[[ THE INPUT, beginning ]]

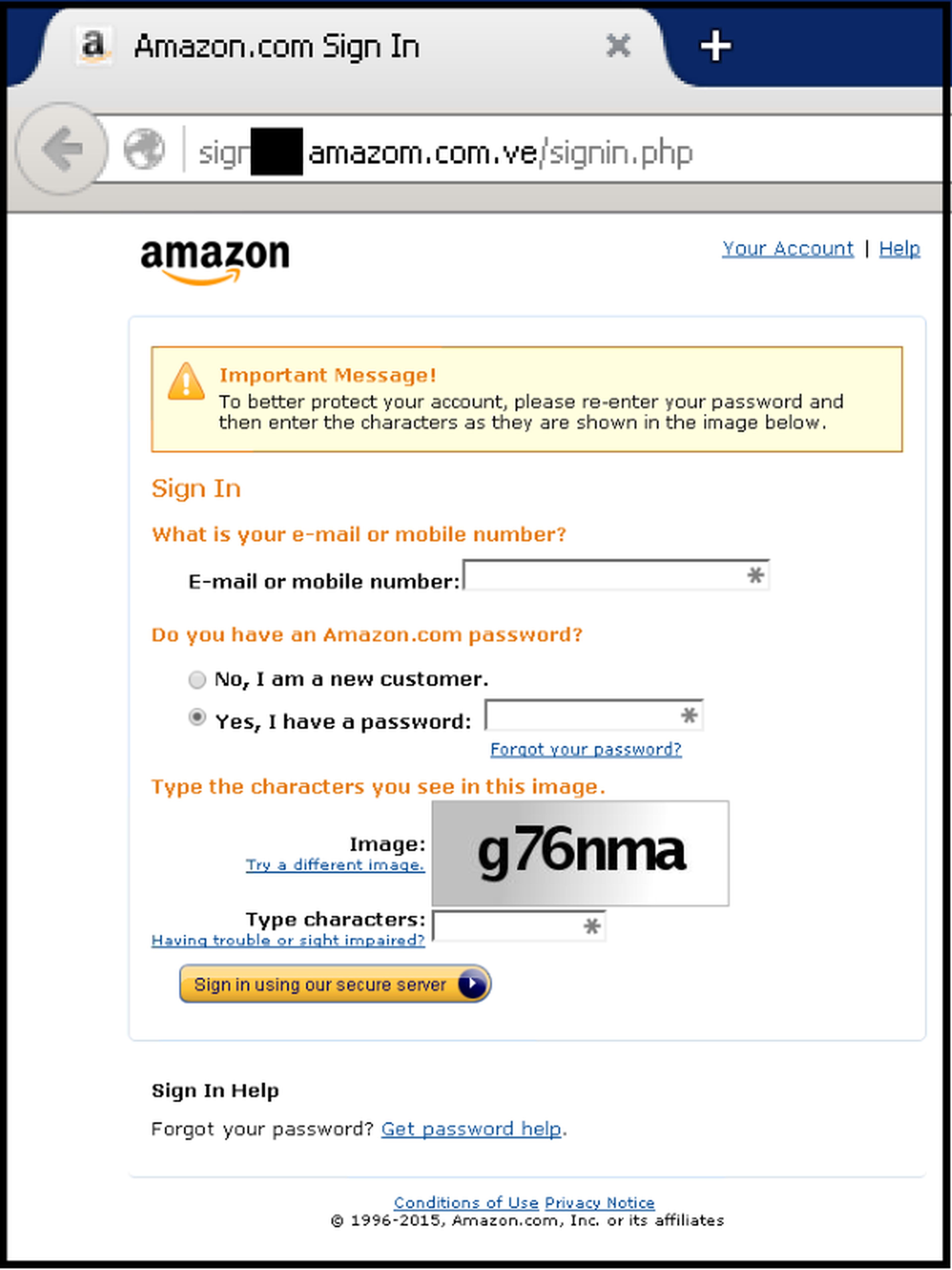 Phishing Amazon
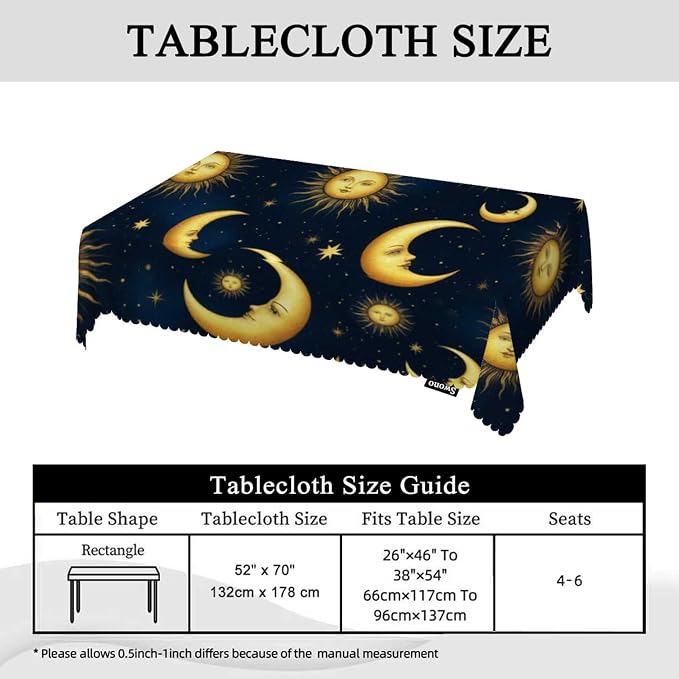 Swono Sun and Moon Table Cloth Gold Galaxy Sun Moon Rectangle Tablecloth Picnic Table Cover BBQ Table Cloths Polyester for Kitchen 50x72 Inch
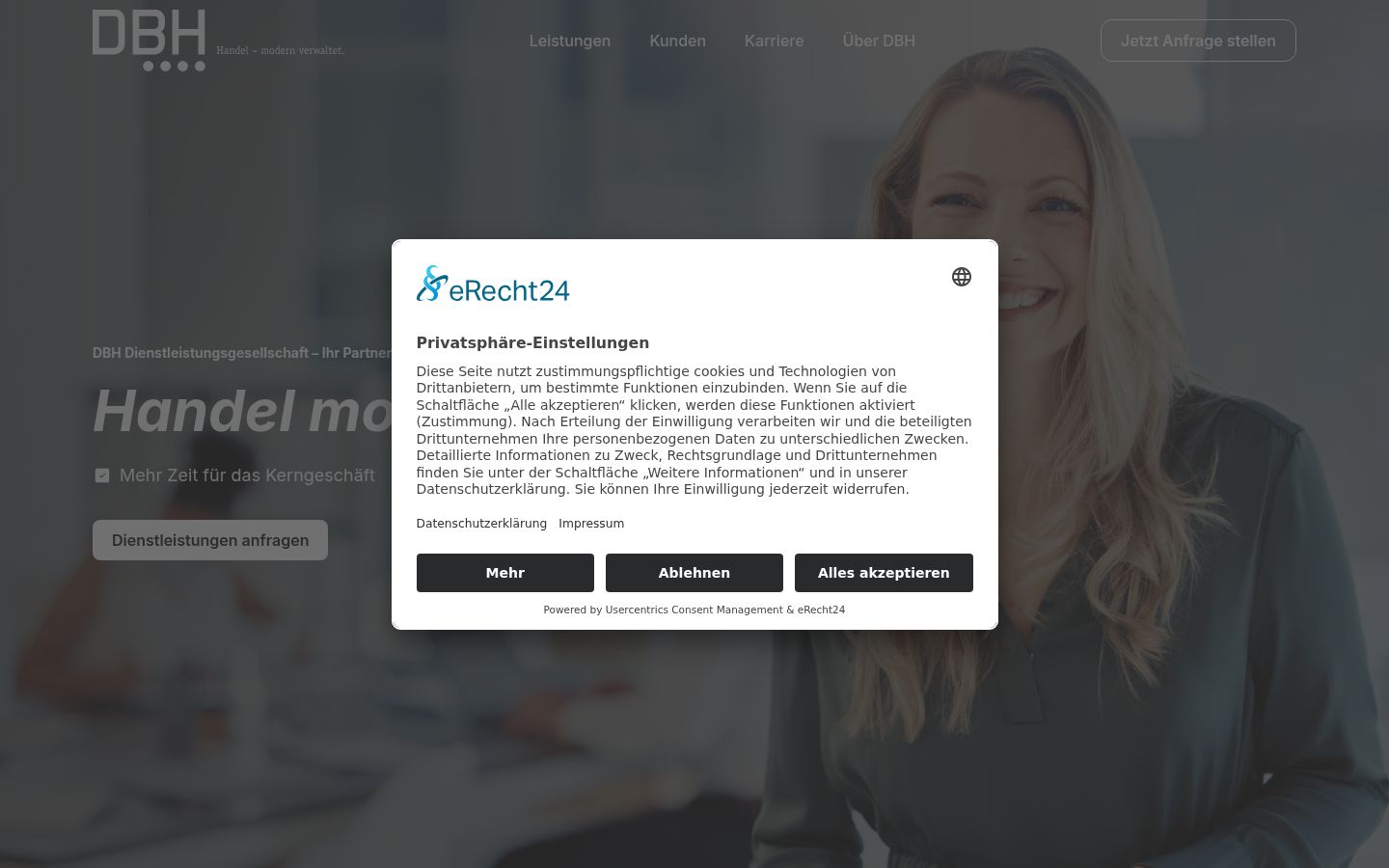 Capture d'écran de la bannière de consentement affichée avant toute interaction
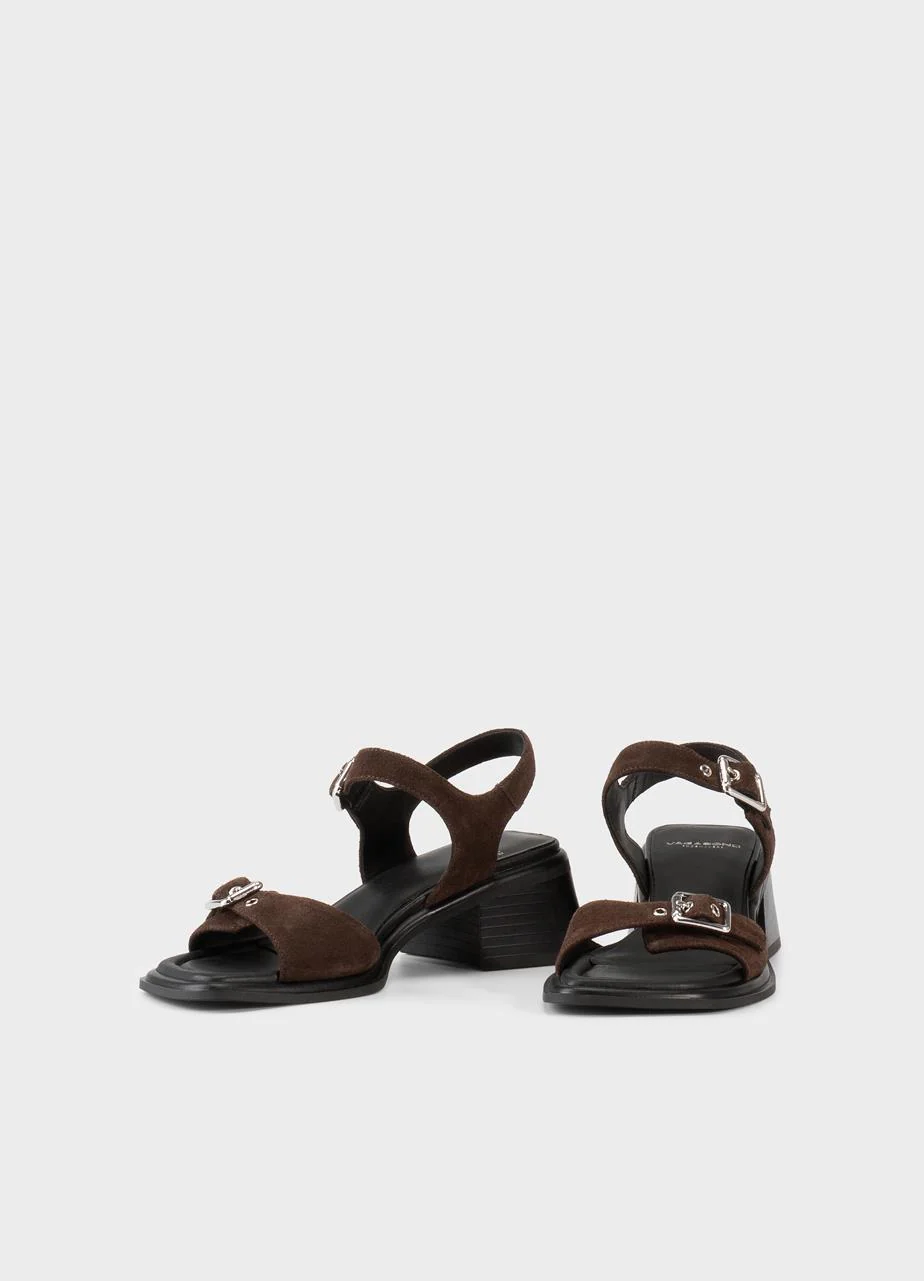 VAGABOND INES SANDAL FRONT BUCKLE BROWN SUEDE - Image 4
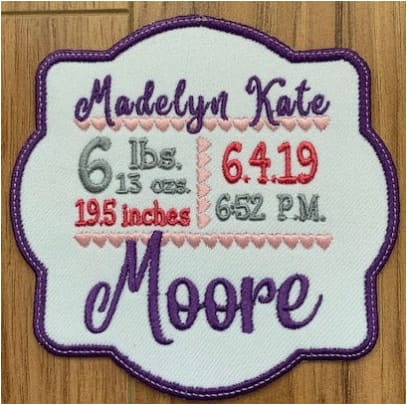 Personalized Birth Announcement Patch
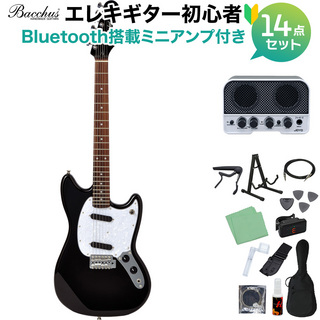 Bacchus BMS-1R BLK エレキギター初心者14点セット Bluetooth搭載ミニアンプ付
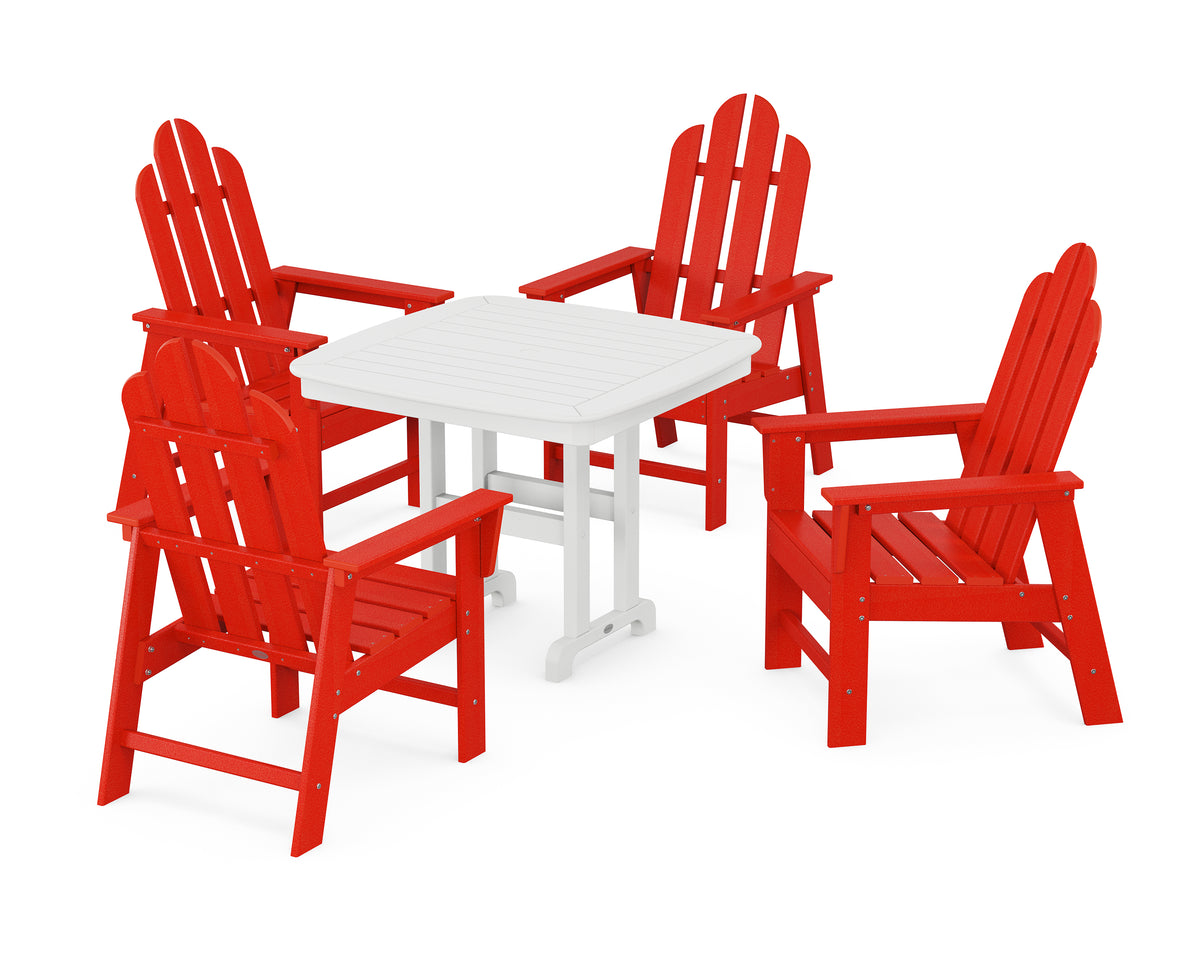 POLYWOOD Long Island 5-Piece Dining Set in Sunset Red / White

[[ THE INPUT, end ]]

• **WHAT THE EXERCISE ASKS**
Would you give the records again exactly, dropping the pictures?

• **OUTPUT OF THE EXERCISE**
 Phishing Amazon
 Swono Sun and Moon Table Cloth Gold Galaxy Sun Moon Rectangle Tablecloth Picnic Table Cover BBQ Table Cloths Polyester for Kitchen 50x72 Inch
 Capture d'écran de la bannière de consentement affichée avant toute interaction
 VAGABOND INES SANDAL FRONT BUCKLE BROWN SUEDE - Image 4
 Personalized Birth Announcement Patch
 Bacchus BMS-1R BLK エレキギター初心者14点セット Bluetooth搭載ミニアンプ付
 POLYWOOD Long Island 5-Piece Dining Set in Sunset Red / White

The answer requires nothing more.